[Records contained in a dataset]
____________

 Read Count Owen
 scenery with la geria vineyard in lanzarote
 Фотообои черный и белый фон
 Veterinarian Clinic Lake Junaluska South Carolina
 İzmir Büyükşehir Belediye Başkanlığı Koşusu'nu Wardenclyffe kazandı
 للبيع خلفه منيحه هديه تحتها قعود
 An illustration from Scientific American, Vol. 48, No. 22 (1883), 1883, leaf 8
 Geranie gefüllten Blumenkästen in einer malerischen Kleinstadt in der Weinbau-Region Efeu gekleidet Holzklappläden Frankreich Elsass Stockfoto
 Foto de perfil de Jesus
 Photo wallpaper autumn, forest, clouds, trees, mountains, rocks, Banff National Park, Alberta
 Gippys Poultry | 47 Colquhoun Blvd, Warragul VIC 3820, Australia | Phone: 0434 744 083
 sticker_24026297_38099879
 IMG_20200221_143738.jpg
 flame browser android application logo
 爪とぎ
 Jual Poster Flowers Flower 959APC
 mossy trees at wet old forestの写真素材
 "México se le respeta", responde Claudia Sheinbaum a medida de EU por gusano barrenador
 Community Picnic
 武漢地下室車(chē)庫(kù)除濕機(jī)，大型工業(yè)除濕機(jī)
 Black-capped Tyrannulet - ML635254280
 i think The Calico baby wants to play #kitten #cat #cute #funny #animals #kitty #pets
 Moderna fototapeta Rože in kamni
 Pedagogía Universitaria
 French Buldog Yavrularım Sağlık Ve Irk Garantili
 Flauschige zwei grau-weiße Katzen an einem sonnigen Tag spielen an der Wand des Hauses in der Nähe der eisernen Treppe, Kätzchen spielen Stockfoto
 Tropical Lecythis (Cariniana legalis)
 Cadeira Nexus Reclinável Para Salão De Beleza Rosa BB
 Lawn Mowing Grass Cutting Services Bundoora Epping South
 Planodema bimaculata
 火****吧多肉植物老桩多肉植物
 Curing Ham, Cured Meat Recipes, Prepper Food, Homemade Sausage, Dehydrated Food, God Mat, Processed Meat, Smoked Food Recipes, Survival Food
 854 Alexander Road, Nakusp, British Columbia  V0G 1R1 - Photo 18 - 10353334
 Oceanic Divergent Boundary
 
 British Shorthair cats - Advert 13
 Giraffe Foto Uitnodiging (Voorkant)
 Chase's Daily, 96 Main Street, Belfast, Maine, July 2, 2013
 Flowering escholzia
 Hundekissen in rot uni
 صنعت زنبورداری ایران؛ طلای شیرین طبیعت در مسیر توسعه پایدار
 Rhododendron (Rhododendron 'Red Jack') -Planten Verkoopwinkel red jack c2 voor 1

____________

[What is required]: For the word "Photo", tally the lines of the entries in which it appears and give the total alone.

[Output of the exercise]: 2